* Exercise material *

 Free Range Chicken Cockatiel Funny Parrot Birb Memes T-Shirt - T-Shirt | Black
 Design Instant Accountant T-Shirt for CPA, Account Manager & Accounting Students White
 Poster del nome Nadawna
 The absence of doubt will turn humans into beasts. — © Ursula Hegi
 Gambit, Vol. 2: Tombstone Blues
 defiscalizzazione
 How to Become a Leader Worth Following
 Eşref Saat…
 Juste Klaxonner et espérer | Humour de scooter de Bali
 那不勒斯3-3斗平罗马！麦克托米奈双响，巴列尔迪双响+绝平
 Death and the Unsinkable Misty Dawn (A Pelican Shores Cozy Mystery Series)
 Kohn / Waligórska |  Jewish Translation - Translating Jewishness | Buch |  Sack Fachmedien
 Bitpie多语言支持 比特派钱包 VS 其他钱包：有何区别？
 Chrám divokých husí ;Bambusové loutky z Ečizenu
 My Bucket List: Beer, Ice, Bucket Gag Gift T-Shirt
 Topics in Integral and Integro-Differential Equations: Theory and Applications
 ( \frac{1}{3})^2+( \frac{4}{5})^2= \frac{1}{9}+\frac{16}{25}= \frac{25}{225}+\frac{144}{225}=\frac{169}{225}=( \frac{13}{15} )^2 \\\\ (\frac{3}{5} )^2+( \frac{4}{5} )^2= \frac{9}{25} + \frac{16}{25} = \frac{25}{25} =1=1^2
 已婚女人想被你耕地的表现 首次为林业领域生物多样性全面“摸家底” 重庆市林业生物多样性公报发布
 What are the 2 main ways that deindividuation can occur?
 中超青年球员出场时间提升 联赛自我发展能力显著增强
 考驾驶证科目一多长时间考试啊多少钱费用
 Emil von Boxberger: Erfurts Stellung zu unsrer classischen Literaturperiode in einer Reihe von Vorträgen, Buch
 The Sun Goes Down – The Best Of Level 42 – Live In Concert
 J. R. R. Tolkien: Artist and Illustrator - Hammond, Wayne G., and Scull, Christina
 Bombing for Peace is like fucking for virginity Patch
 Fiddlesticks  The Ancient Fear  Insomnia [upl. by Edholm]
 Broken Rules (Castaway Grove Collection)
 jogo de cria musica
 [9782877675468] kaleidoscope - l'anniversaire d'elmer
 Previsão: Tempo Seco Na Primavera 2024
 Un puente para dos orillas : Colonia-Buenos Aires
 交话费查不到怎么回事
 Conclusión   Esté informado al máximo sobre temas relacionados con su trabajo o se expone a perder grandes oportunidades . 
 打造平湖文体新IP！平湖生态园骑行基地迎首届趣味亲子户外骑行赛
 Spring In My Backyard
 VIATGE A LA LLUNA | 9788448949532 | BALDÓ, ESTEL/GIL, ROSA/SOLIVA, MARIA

* What to do *
Would you return each entry exactly as it reads?

* Expected answer *
 Free Range Chicken Cockatiel Funny Parrot Birb Memes T-Shirt - T-Shirt | Black
 Design Instant Accountant T-Shirt for CPA, Account Manager & Accounting Students White
 Poster del nome Nadawna
 The absence of doubt will turn humans into beasts. — © Ursula Hegi
 Gambit, Vol. 2: Tombstone Blues
 defiscalizzazione
 How to Become a Leader Worth Following
 Eşref Saat…
 Juste Klaxonner et espérer | Humour de scooter de Bali
 那不勒斯3-3斗平罗马！麦克托米奈双响，巴列尔迪双响+绝平
 Death and the Unsinkable Misty Dawn (A Pelican Shores Cozy Mystery Series)
 Kohn / Waligórska |  Jewish Translation - Translating Jewishness | Buch |  Sack Fachmedien
 Bitpie多语言支持 比特派钱包 VS 其他钱包：有何区别？
 Chrám divokých husí ;Bambusové loutky z Ečizenu
 My Bucket List: Beer, Ice, Bucket Gag Gift T-Shirt
 Topics in Integral and Integro-Differential Equations: Theory and Applications
 ( \frac{1}{3})^2+( \frac{4}{5})^2= \frac{1}{9}+\frac{16}{25}= \frac{25}{225}+\frac{144}{225}=\frac{169}{225}=( \frac{13}{15} )^2 \\\\ (\frac{3}{5} )^2+( \frac{4}{5} )^2= \frac{9}{25} + \frac{16}{25} = \frac{25}{25} =1=1^2
 已婚女人想被你耕地的表现 首次为林业领域生物多样性全面“摸家底” 重庆市林业生物多样性公报发布
 What are the 2 main ways that deindividuation can occur?
 中超青年球员出场时间提升 联赛自我发展能力显著增强
 考驾驶证科目一多长时间考试啊多少钱费用
 Emil von Boxberger: Erfurts Stellung zu unsrer classischen Literaturperiode in einer Reihe von Vorträgen, Buch
 The Sun Goes Down – The Best Of Level 42 – Live In Concert
 J. R. R. Tolkien: Artist and Illustrator - Hammond, Wayne G., and Scull, Christina
 Bombing for Peace is like fucking for virginity Patch
 Fiddlesticks  The Ancient Fear  Insomnia [upl. by Edholm]
 Broken Rules (Castaway Grove Collection)
 jogo de cria musica
 [9782877675468] kaleidoscope - l'anniversaire d'elmer
 Previsão: Tempo Seco Na Primavera 2024
 Un puente para dos orillas : Colonia-Buenos Aires
 交话费查不到怎么回事
 Conclusión   Esté informado al máximo sobre temas relacionados con su trabajo o se expone a perder grandes oportunidades . 
 打造平湖文体新IP！平湖生态园骑行基地迎首届趣味亲子户外骑行赛
 Spring In My Backyard
 VIATGE A LA LLUNA | 9788448949532 | BALDÓ, ESTEL/GIL, ROSA/SOLIVA, MARIA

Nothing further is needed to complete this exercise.